■ What you have to do:
Extract, unchanged, every line from the top of the material below through the line with "Variety of ready-to-eat", and no more.

--*--

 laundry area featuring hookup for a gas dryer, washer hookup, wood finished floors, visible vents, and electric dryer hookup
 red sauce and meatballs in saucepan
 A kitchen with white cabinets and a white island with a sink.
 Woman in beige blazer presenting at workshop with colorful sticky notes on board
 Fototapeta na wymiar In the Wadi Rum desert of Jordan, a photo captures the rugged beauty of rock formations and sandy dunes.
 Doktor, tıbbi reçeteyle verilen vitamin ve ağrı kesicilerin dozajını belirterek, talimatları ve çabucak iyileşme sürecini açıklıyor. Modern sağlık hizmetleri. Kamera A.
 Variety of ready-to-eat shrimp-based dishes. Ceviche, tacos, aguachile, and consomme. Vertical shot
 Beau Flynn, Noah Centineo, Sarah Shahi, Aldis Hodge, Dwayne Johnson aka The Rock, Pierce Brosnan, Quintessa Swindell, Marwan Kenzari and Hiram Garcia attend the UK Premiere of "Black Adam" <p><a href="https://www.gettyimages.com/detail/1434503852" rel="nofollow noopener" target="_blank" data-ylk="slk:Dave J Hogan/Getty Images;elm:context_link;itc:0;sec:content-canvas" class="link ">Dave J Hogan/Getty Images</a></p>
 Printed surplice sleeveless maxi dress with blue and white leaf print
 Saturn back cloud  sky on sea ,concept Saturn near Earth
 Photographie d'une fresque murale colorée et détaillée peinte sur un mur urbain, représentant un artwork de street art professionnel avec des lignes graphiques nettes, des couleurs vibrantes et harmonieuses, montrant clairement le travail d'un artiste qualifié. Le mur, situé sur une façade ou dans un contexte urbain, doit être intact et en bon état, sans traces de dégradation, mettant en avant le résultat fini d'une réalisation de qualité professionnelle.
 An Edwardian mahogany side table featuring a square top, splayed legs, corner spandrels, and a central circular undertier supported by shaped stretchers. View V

--*--

■ Output for this exercise:
 laundry area featuring hookup for a gas dryer, washer hookup, wood finished floors, visible vents, and electric dryer hookup
 red sauce and meatballs in saucepan
 A kitchen with white cabinets and a white island with a sink.
 Woman in beige blazer presenting at workshop with colorful sticky notes on board
 Fototapeta na wymiar In the Wadi Rum desert of Jordan, a photo captures the rugged beauty of rock formations and sandy dunes.
 Doktor, tıbbi reçeteyle verilen vitamin ve ağrı kesicilerin dozajını belirterek, talimatları ve çabucak iyileşme sürecini açıklıyor. Modern sağlık hizmetleri. Kamera A.
 Variety of ready-to-eat shrimp-based dishes. Ceviche, tacos, aguachile, and consomme. Vertical shot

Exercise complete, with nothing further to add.